Outlaws of America is culled from dozens of in-depth interviews with former Weather Underground members, as well as with civil rights activists, Black Panthers, Young Lords, and others-many of whom speak about their experiences publicly here for the first time. The book also features an extensive appendix including Weather Underground communiques, a chronology of actions, a collection of rare photographs, and current biographical sketches of many ex-Weather Underground members.

Outlaws of America is published at a time of surging interest in the history of the group, immediately following the release of the Oscar-nominated documentary entitled The Weather Underground, of which Outlaws is the essential companion volume.

Dan Berger is a writer, activist, and PhD candidate at the University of Pennsylvania. A longtime anti-racism organizer, he is the co-editor of Letters From Young Activists (Nation Books, 2005).

Customer Reviews:

5 out of 5 stars an accesible account of the weather underground.......2007-02-03

a fascinating recounting of one of the more exciting, fresh, and daring movements of individuals known as the weather underground. This book recounts the early history, motivations, and background of social struggle taking place during this period of social struggle.

Particularly interesting was the authors discussion of racism and the role it played (and plays) in American society. As well as the very deep analytical attention towards class and priviledge and the role it plays in a class seperated society.

The individuals in this story are real with all their strengths and weaknesses intact. The author leaves us, the reader, to make our own conclusions about what the movement known as the Weather Underground means to our current reality.

4 out of 5 stars Solid without being absurdly detailed.......2006-12-21

This was a thorough history, drawing on a number of sources and directions; but Berger keeps it rather readable. Casual? No. But approachable. Scholarly? Yes. But not egg-headed. It furnishes the reader with an overarching historical narrative, as well as dipping back and forth with another, contemporary narrative involving the interviews and friendship between a former Weatherman and the author. Few of my questions are left hanging by the text, with one particular exception: I would very much have had an appendix reproducing the texts of the WUO communiques and published works. Berger refers heavily and excerpts some, as I recall, but I would very much liked to have been able to flip to the back and read a whole communique.
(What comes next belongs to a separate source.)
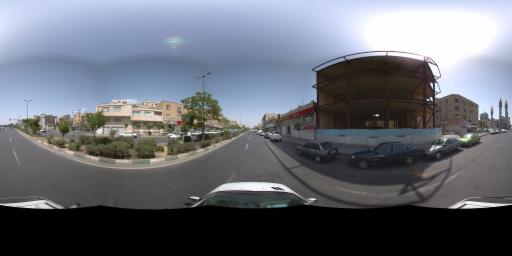 street view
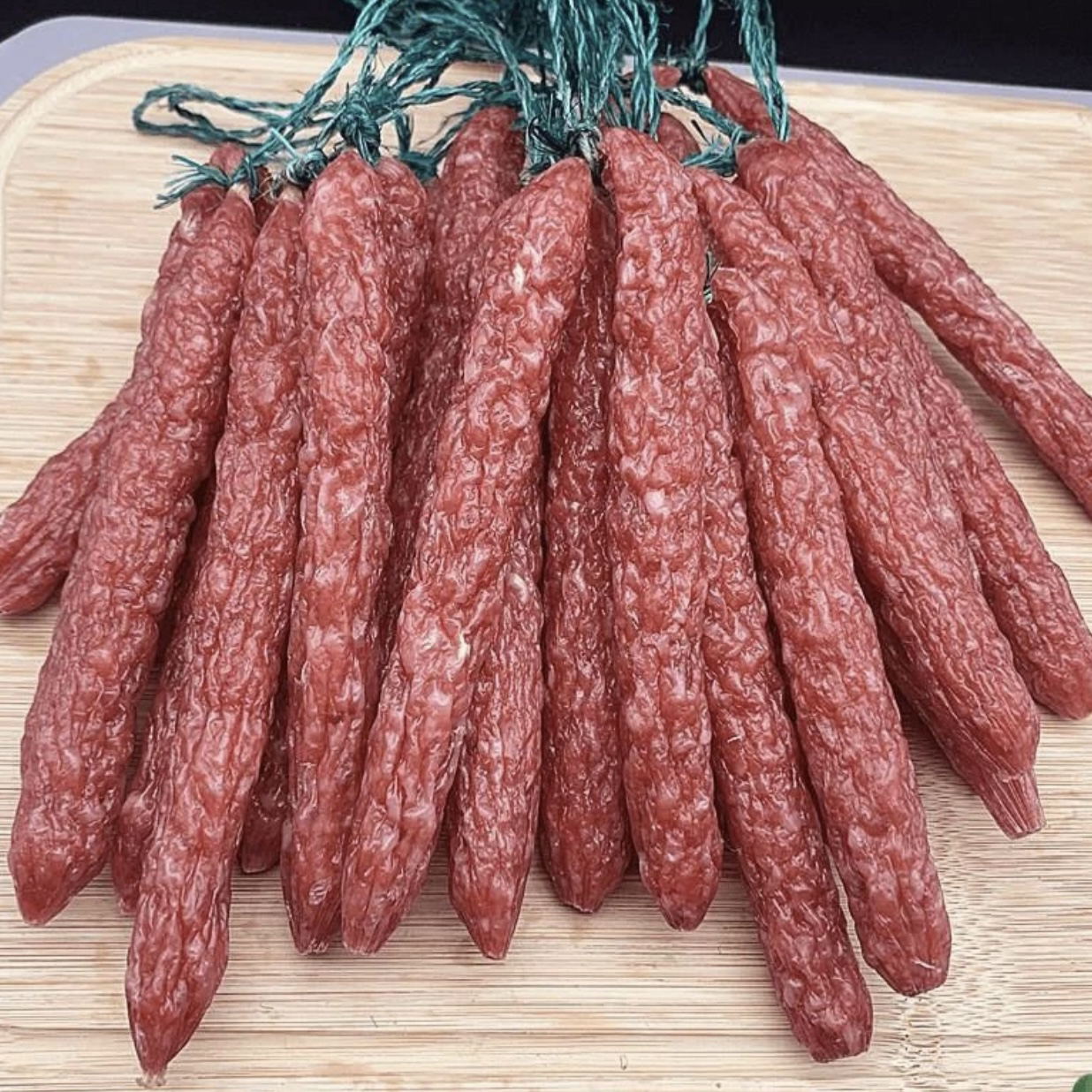 潮汕特产“全瘦腊腸”【小叔鱼胶福利】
This is an engaging read that manages to strip back propaganda from both sides of the line and tells the story both in the WUO's own words and through the mouth of an historian.

5 out of 5 stars Volunteers of America: The Politics of the Weather Underground.......2006-03-20

The Politics of the Weather Underground
Volunteers of America
By RON JACOBS

In 1997 Verso published my history of the Weather Underground, The Way the Wind Blew: a History of the Weather Underground. Weather Underground member Bill Ayers' memoir Fugitive Days, published by Beacon Press in 2001, followed. Two years later, the film The Weather Underground, directed by Sam Green and Bill Siegel, was released. The film probably received the greatest amount of coverage in the mainstream media, although the unfortunate timing of Weather Underground member Bill Ayers' memoir (September 11, 2001) certainly provided his book with its own share, most of it negative.

There have also been novels written where the WUO figured prominently (most notably The Company You Keep by Neil Gordon Viking 2003), a pamphlet written by political prisoner David Gilbert (SDS/WUO, Students For A Democratic Society And The Weather Underground Organization, Arm the Spirit 2002) and the comparative study of the Weather Underground and the German leftist armed organization, the Red Army Fraction, by Jeremy Varon (Bringing the War Home: The Weather Underground, the Red Army Faction, and Revolutionary Violence in the Sixties and Seventies; UC Press 2004).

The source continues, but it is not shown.